De «couillons» à probables partenaires de coalition: comment le PS et le PTB se sont rapprochés
En quelques mois, le PTB est devenu fréquentable aux yeux du PS. Irrités par le MR, les socialistes ont mis leur menace à exécution. Anatomie d’un réchauffement.
«Il faut voter pour des partis qui prennent leurs responsabilités et pas pour des couillons comme ceux du PTB». Voilà les mots de Paul Magnette, président du PS, prononcés sur le plateau de la RTBF, mi-mars, lors d’un débat entre présidents de parti. Moins de sept mois plus tard, en bureau national de parti tenu ce lundi matin, le clan socialiste aurait finalement donné son accord aux sections locales pour former des coalitions locales avec les communistes. De la haine à l’amour, il y a donc sept mois. Pourquoi ?
«Le MR a réussi à polariser, à être toujours dans la surenchère, et finalement à pousser le PS vers le PTB.»
Martin Georges
Doctorant en philosophie politique à l’Université de Liège et collaborateur scientifique du Centre d’histoire et sociologie des gauches.
Un PTB comme menace… ou comme plan B
Un premier constat: à en croire La Libre, les socialistes n’ont pas donné un blanc-seing à des coalitions de gauche à tous les étages. A Seraing, où les socialistes souhaitent ouvrir leur majorité absolue, la bourgmestre souhaiterait se tourner vers un autre parti.
A Mons, Forest ou Schaerbeek, les échanges à gauche se font lorsque ceux avec la droite s’éternisent. Le PTB était brandi par le PS comme une menace. Une menace qu’il a mis à exécution et qui lui permet d’ailleurs de conserver l’écharpe mayorale.
«Le PS a toujours été un parti pragmatique», analyse d’abord Martin Georges, collaborateur scientifique du Centre d’histoire et sociologie des gauches, et rédacteur en chef de la Revue Politique, qui vient de publier un numéro sur les coalitions locales de gauche. Au contraire du MR qui s’est, selon lui, isolé. «Le MR a réussi à polariser, à être toujours dans la surenchère, et finalement à pousser le PS vers le PTB.»
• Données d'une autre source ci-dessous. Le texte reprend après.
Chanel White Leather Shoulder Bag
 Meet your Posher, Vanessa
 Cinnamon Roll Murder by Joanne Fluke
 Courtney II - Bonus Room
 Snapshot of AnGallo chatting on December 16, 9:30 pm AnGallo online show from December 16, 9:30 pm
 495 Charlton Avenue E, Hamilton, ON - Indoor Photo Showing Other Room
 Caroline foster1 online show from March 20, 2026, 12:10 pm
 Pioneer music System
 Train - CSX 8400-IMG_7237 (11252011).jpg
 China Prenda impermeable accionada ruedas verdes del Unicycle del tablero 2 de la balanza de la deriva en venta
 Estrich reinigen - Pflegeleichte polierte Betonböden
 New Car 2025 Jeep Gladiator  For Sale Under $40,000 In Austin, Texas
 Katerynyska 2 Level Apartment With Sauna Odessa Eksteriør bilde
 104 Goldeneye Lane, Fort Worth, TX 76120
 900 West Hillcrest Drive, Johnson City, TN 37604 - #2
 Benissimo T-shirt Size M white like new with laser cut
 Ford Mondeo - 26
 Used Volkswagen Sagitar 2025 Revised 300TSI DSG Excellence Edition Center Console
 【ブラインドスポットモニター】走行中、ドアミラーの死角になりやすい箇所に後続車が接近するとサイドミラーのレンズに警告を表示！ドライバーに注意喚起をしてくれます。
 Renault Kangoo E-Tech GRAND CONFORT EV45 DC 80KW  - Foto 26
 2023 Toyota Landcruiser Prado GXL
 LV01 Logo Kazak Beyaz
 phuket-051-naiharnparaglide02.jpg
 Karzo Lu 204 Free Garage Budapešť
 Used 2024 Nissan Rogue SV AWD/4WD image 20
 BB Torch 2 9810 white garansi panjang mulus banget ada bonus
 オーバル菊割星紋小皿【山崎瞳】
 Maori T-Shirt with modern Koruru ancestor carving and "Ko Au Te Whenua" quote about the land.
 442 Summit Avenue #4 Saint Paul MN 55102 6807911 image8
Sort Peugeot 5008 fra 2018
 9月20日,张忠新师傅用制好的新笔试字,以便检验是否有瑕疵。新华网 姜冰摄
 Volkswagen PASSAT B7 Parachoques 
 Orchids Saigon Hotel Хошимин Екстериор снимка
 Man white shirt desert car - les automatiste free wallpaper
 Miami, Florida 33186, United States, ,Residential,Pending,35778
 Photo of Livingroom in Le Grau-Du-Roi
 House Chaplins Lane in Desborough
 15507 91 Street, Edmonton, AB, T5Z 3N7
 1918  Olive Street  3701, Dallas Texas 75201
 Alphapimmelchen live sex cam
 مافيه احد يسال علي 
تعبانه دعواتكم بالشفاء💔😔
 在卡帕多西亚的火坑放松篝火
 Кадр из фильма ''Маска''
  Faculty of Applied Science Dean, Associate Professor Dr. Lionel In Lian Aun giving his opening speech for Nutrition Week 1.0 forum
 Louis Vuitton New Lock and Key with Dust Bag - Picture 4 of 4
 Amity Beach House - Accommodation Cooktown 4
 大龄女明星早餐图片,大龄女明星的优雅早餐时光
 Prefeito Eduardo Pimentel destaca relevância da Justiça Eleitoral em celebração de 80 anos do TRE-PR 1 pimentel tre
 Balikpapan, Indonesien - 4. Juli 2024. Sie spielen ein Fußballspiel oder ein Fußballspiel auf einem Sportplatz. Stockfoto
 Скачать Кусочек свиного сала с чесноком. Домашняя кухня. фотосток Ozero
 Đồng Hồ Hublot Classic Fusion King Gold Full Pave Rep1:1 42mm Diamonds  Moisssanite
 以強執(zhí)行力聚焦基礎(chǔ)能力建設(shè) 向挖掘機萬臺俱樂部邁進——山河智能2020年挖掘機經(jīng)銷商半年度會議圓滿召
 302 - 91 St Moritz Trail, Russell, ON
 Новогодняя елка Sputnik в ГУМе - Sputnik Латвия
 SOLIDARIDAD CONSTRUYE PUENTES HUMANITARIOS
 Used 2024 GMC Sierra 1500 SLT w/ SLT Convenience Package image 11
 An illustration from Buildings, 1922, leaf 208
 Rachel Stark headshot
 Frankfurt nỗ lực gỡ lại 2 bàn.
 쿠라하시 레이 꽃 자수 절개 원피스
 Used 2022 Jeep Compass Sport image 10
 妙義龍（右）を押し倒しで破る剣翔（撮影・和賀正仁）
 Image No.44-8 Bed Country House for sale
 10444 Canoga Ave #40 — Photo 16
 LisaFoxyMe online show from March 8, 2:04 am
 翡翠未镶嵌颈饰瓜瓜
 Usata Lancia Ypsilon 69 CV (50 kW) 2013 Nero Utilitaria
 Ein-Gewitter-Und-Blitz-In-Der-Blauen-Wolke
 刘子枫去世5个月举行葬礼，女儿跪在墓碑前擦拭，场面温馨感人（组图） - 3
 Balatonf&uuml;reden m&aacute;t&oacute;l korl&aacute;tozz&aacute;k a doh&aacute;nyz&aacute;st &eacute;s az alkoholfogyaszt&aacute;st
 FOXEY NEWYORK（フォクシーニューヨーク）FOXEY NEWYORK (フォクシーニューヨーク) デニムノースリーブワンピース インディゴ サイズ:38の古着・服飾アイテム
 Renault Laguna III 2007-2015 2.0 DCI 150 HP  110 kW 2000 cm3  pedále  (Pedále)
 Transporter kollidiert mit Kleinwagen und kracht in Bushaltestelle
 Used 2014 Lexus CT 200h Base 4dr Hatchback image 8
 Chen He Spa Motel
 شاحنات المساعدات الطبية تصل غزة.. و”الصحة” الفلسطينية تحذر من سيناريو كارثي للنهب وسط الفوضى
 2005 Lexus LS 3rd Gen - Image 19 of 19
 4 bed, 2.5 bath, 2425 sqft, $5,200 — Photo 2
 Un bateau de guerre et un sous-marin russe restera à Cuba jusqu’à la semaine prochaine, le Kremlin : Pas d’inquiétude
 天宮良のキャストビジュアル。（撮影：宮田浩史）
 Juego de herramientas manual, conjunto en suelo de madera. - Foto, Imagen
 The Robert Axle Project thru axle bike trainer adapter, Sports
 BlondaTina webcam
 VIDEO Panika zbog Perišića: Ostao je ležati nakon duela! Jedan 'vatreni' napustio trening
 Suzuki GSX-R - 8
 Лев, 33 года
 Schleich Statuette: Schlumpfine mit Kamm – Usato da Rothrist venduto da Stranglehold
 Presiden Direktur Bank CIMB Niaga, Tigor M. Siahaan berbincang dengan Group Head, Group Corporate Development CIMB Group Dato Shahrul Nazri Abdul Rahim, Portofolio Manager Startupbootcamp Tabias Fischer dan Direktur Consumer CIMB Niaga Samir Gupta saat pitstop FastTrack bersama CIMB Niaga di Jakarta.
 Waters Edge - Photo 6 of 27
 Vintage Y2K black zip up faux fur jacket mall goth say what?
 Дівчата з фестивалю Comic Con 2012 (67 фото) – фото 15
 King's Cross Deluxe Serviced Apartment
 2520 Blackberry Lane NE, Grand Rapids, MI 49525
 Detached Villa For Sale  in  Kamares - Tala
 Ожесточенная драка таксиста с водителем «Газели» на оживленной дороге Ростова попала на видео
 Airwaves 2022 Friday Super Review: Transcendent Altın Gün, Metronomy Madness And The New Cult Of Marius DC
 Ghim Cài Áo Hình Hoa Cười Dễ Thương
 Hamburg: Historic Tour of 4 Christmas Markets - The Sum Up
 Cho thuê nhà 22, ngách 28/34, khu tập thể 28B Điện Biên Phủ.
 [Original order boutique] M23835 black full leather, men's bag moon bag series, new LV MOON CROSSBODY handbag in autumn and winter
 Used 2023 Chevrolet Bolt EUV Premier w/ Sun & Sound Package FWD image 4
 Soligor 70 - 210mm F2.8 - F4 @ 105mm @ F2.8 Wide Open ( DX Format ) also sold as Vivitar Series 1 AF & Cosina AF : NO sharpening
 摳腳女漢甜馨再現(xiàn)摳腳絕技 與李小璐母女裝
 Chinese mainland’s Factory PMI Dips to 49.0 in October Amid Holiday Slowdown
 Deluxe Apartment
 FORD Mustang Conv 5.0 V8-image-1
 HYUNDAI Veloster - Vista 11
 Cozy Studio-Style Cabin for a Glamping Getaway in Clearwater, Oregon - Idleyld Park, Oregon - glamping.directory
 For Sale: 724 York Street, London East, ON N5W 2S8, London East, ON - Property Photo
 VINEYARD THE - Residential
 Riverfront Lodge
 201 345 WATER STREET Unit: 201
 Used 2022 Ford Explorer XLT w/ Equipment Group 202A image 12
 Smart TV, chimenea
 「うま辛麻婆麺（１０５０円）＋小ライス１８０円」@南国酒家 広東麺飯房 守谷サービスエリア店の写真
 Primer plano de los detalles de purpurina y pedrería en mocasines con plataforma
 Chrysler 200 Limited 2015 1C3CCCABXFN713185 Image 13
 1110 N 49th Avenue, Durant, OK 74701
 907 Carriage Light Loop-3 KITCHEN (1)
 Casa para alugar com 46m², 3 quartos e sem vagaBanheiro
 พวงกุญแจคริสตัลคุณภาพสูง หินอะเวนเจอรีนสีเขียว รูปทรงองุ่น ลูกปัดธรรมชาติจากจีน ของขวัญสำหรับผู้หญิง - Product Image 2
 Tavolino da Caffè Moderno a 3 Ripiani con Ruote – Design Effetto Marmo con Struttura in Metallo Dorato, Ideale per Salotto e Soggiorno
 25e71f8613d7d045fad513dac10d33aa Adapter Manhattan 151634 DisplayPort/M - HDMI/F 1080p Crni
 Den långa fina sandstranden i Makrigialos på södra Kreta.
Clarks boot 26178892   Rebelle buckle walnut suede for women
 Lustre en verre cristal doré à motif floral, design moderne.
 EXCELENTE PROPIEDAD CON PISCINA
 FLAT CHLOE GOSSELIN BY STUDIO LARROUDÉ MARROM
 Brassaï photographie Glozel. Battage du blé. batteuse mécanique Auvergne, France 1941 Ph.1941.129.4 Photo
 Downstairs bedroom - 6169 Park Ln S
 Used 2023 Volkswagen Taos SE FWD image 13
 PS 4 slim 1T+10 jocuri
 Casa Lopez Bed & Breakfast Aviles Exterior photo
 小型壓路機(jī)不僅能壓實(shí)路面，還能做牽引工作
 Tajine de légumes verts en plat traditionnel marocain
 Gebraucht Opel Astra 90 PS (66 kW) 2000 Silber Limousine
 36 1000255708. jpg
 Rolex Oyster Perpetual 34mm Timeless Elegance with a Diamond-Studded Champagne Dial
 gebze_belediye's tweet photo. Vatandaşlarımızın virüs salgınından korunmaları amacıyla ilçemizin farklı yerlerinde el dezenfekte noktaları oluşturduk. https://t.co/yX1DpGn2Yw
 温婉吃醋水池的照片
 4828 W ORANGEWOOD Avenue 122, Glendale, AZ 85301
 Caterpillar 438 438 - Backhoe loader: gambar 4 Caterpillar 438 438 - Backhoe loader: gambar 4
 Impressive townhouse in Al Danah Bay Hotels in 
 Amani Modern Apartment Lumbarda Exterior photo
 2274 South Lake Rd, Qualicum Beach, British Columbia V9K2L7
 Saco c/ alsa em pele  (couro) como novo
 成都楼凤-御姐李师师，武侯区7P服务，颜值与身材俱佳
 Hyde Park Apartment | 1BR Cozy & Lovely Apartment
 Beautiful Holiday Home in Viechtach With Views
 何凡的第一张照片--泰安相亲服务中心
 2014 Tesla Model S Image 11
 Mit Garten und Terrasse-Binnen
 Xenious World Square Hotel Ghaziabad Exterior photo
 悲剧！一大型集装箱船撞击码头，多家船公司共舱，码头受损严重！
Pascal Delwit, politologue à l’ULB et spécialiste de la gauche, abonde et prend Mons pour exemple. «La polarisation et l’exacerbation y était exceptionnelle, cela restait difficile pour la Liste du Bourgmestre d’aller en coalition avec le MR. Nicolas Martin ne fait pourtant pas partie de l’aile gauche du PS.»
Un PTB calmé
Le 13 octobre au soir, Molenbeek devenait un laboratoire de la gauche. Catherine Moureaux était la première bourgmestre à annoncer ouvrir le dialogue avec les communistes. Les mots autrefois durs se sont apaisés et les négociations semblent avancer bon train, chacun jugeant l’autre raisonnable. C’était justement sur ce point, les exigences du PTB, que les discussions bloquaient par le passé. Le PTB s’est-il, dès lors, adouci ?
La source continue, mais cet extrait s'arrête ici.